“Well, Margaret Murray,” said he, “I believe you are now nearly as badly off as you can be; your husband’s past hope, and you are as low as a human bein’ ever was. I’m now satisfied; you refused to marry me—you made a May-game of me—a laughin’ stock of me, and your father tould my father that I had legs like reapin’ hooks! Now, from the day you refused to marry me, I swore I’d never die till I’d have my revinge, and I have it; who has the laugh now, Margaret Murray?”
“You say,” she replied calmly, “that I am as low as a human bein’ can be, but that’s false, Toal Finnigan, for I thank God I have committed no crime, and my name is pure and good, which is more than any one can say for you; begone from my place.”
“I will,” he replied, “but before I go jist let me tell you, that I have the satisfaction to know that, if I’m not much mistaken, it was I that was the principal means of leavin’ you as you are, and your respectable husband as he is; so my blessin’ be wid you, an that’s more than your father left you. Raipin’ hooks, indeed!”
The little vile Brownie then disappeared.
Margaret, the moment he was gone, immediately turned round, and going to her knees, leaned, with her half-cold infant still in her arms, against a creaking chair, and prayed with as much earnestness as a distracted heart permitted her. The little ones, at her desire, also knelt, and in a few minutes afterwards, when her drunken husband came home, he found his miserable family, grouped as they were in their misery, worshipping God in their own simple and touching manner. His entrance disturbed them, for Margaret knew she must go through the usual ordeal to which his nightly return was certain to expose her.
“I want something to ait,” said he.
“Art, dear,” she replied—and this was the worst word she ever uttered against him—“Art, dear, I have nothing for you till by an’ by; but I will then.”
“Have you any money?”
“Money, Art! oh, where would I get it?
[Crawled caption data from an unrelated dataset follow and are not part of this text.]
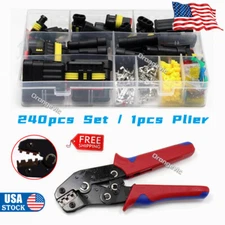 240PCS 1-6 Pin Way Car Automotvie Waterproof Electrical Wire Connectors Plug Kit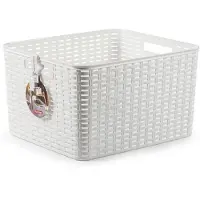 PlasticForte Opbergmand - Kastmand - rotan kunststof - wit - 28 Liter - 34 x 40 x 23 cm - Opbergmanden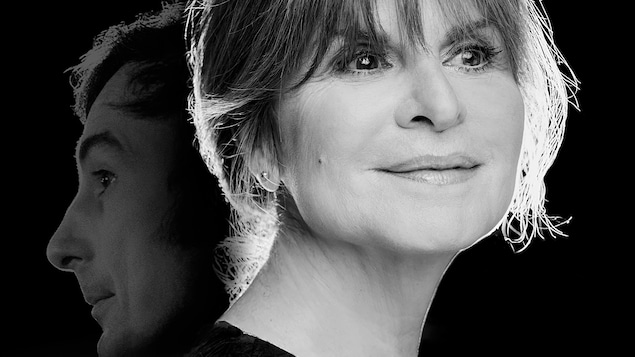 Les visages en noir et blanc de Guylaine Tremblay et Yvon Deschamps (jeune)
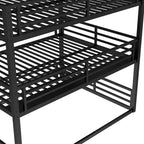 Letto a castello triplo in metallo Queen sopra Full XL sopra Queen con sponde di sicurezza, letto a castello resistente con design a bassa rumorosità, nero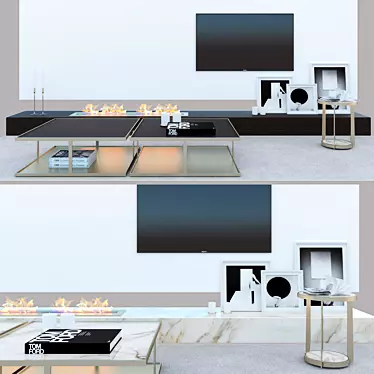 Elegant Electric Fireplace TV Wall 3D model image 1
If I had money I wouldn’t be without something’ for you to eat, or the childre here that tasted nothin’ since airly this mornin’.”
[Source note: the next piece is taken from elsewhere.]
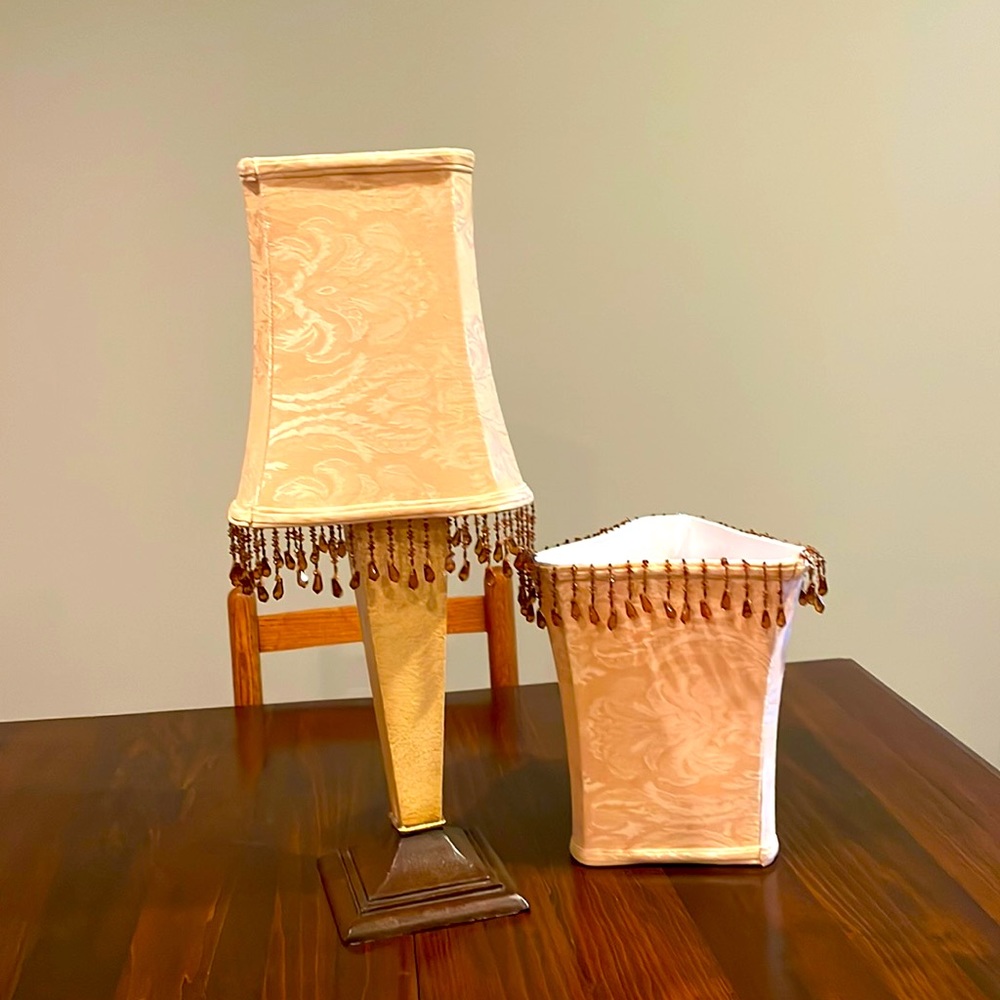 2 Netural lamp shades 10 inch w/3 inch beading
“Ah, you’re a cursed useless wife,” he replied, “you brought nothin’ but bad luck to me an’ them; but how could you bring anything else, when you didn’t get your father’s blessin’.”
“But, Art, don’t you remember,” she said meekly in reply, “you surely can’t forget for whose sake I lost it.”
“Well, he’s fizzin’ now, the hard-hearted ould scoundrel, for keepin’ it from you; he forgot who you wor married to, the extortin’ ould vagabone—to one of the great Fermanagh Maguires, an’ he’ not fit to wipe their shoes. The curse o’ heaven upon you an’ him, wherever he is! It was an unlucky day to me I ever seen the face of one of you—here, Atty, I’ve some money; some strange fellow at the inn below stood to me for the price of a naggin, an’ that blasted Barney Scaddhan wouldn’t let me in, bekase, he said, I was a disgrace to his house, the scoundrel.”